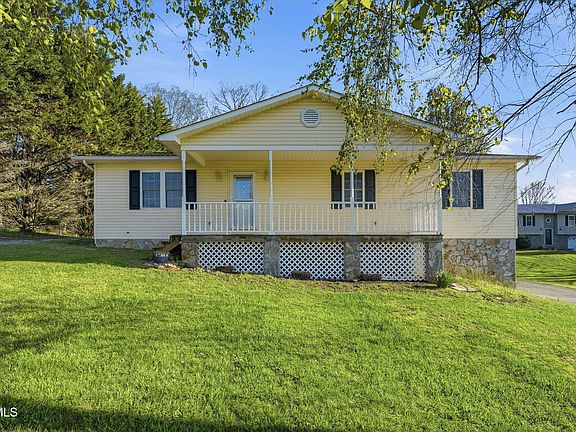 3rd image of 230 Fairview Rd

...

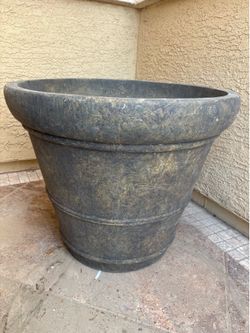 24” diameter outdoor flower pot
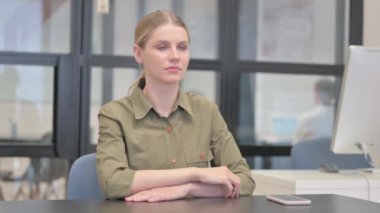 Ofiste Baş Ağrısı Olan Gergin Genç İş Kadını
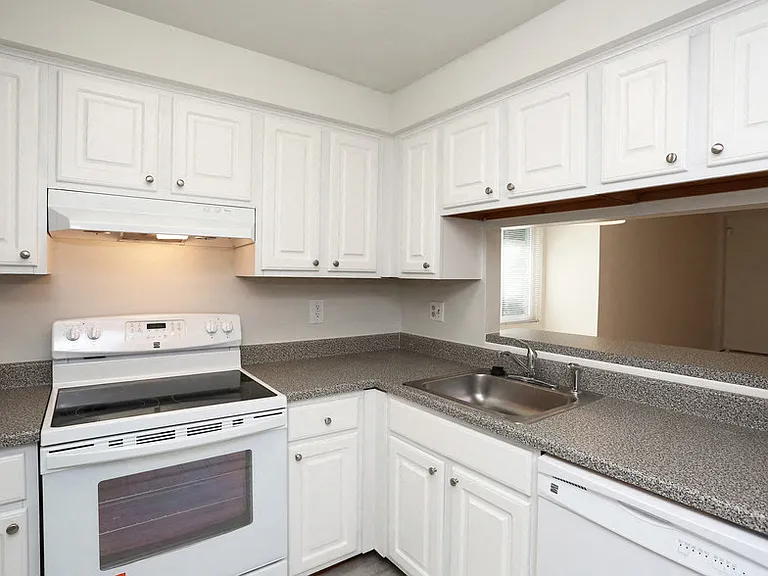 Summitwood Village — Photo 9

— What to do —
Reproduce exactly the lines above that run from the one with "outdoor flower pot" to the one with "Summitwood Village — Photo 9", both included, leaving pictures out.

— Output below —
 24” diameter outdoor flower pot
 Ofiste Baş Ağrısı Olan Gergin Genç İş Kadını
 Summitwood Village — Photo 9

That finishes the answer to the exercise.